■ **What the task asks**
Under this line is a listing; return exactly the lines starting at the one with "The faculty is" and running down to the one with "Cb.route'dan Dikili İsmetpaşada", and leave out its pictures.

■ **Records provided**
# # # # #

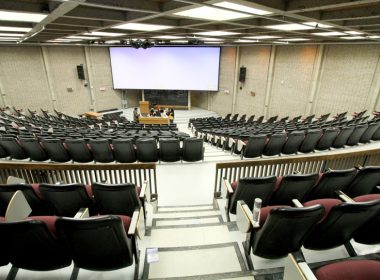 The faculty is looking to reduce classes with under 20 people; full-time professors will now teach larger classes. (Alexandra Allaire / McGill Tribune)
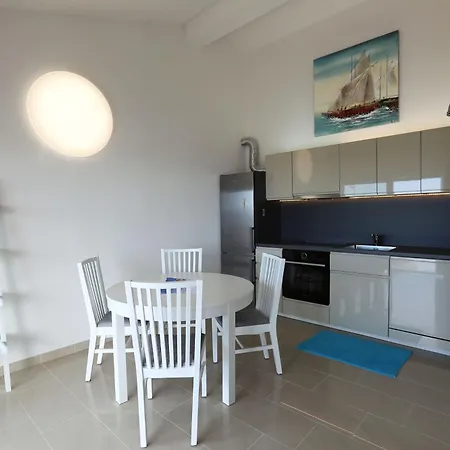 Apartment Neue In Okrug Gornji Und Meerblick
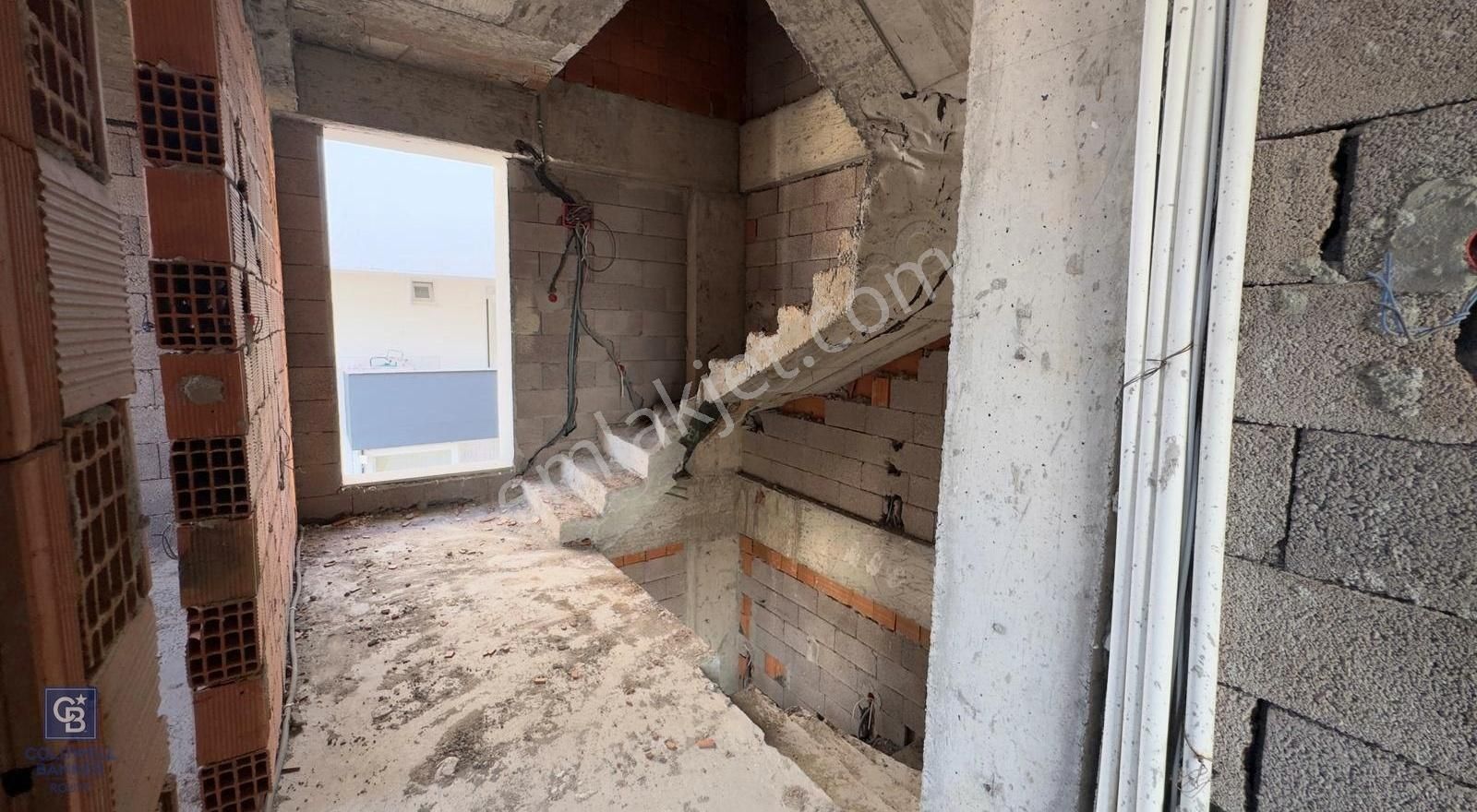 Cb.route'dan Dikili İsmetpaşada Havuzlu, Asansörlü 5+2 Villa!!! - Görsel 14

# # # # #

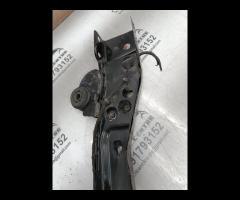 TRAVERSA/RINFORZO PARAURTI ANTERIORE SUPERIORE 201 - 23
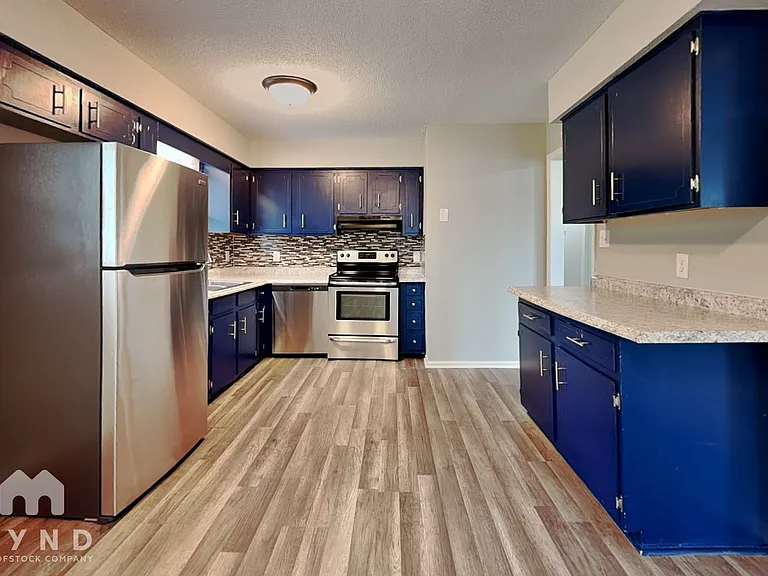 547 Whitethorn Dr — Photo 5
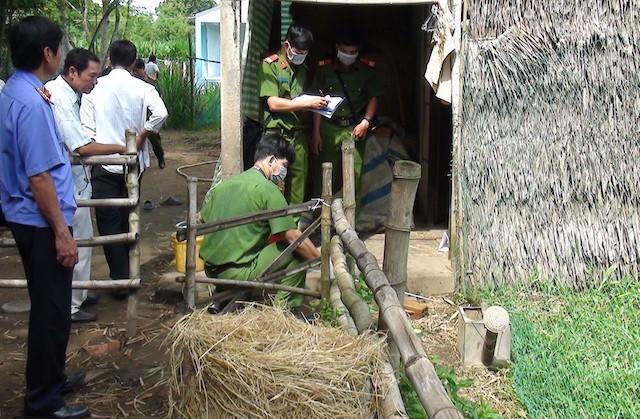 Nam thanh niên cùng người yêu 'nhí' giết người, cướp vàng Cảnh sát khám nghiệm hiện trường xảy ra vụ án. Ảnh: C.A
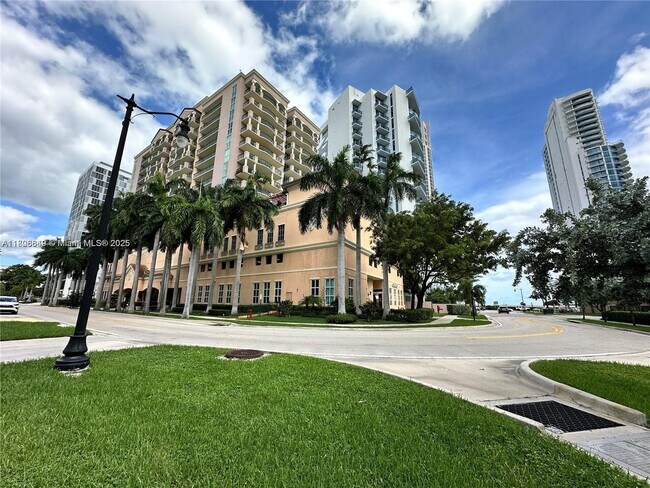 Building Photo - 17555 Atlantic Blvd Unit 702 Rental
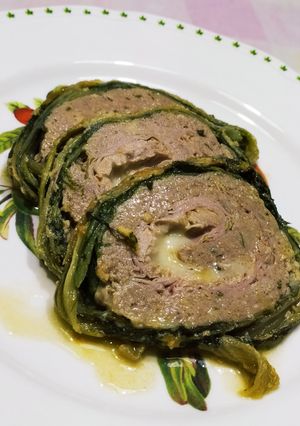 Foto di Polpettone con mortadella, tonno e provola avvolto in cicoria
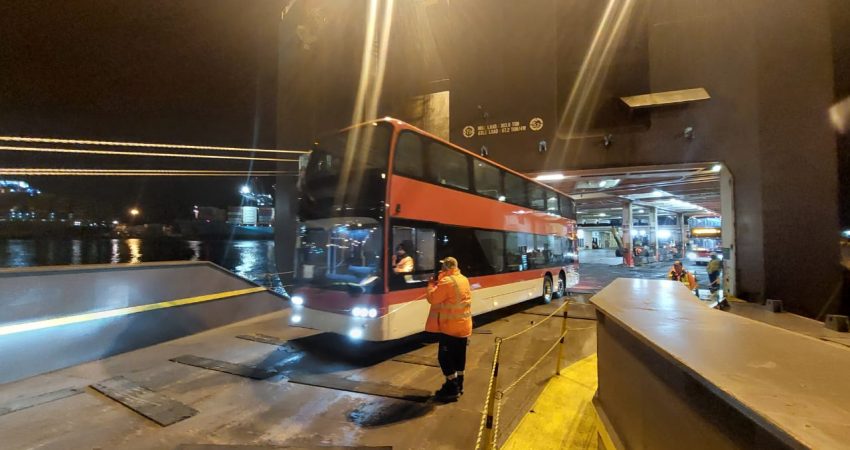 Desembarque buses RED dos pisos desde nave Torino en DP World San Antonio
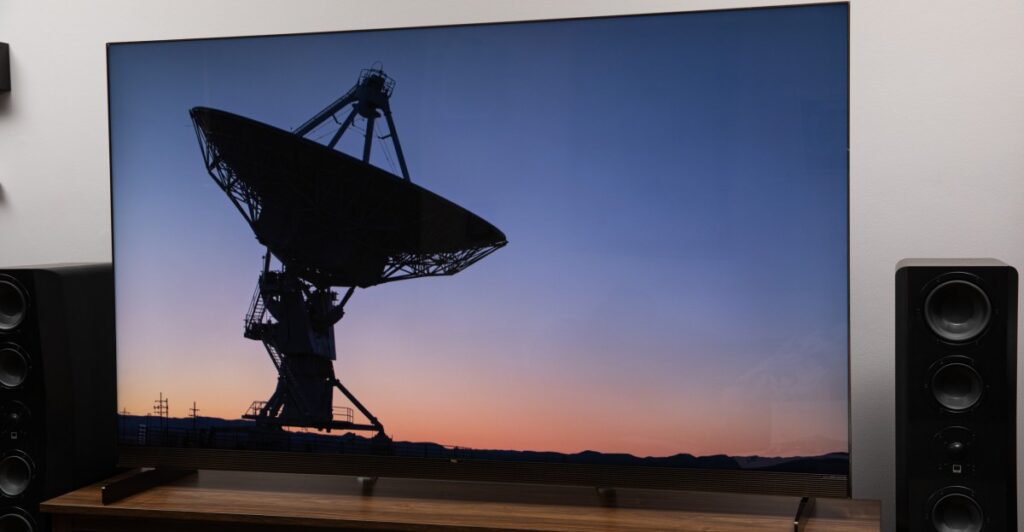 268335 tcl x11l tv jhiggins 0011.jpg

# # # # #

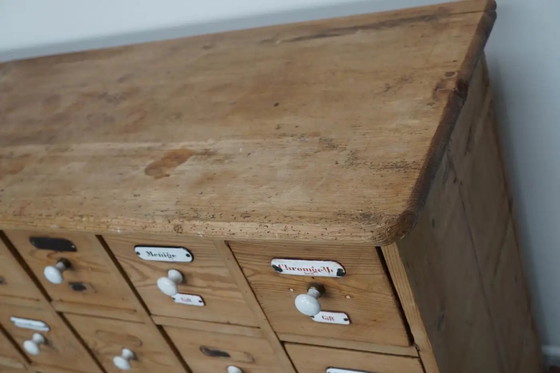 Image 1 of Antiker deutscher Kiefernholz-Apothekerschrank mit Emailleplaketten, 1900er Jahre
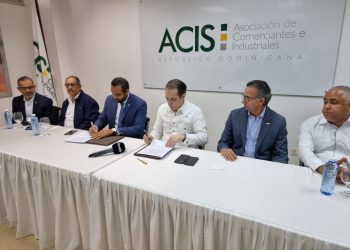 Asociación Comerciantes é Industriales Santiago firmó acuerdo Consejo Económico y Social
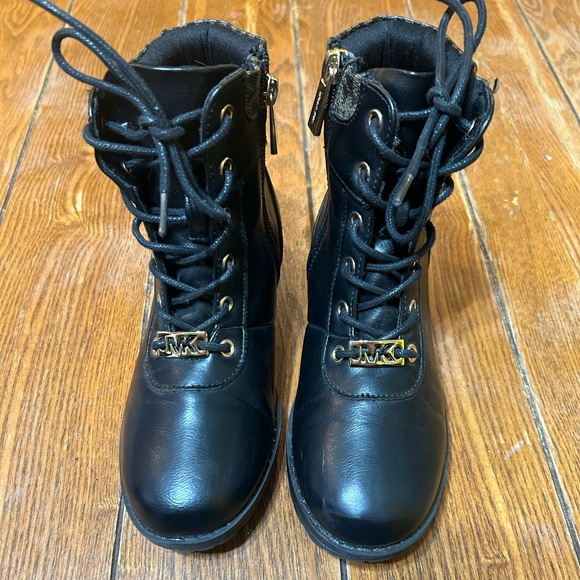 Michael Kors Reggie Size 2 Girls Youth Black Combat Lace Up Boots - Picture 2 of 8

# # # # #

■ **Written answer**
 The faculty is looking to reduce classes with under 20 people; full-time professors will now teach larger classes. (Alexandra Allaire / McGill Tribune)
 Apartment Neue In Okrug Gornji Und Meerblick
 Cb.route'dan Dikili İsmetpaşada Havuzlu, Asansörlü 5+2 Villa!!! - Görsel 14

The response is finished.